▸ EXERCISE DETAILS: Write out the full listing exactly as it appears below.

▸ GIVEN DATA:
★ ★ ★ ★
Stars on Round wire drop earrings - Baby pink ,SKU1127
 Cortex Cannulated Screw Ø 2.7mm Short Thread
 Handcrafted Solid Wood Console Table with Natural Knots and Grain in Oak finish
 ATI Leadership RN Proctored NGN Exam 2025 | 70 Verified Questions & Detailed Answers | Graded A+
★ ★ ★ ★
▸ RESPONSE AREA:
Stars on Round wire drop earrings - Baby pink ,SKU1127
 Cortex Cannulated Screw Ø 2.7mm Short Thread
 Handcrafted Solid Wood Console Table with Natural Knots and Grain in Oak finish
 ATI Leadership RN Proctored NGN Exam 2025 | 70 Verified Questions & Detailed Answers | Graded A+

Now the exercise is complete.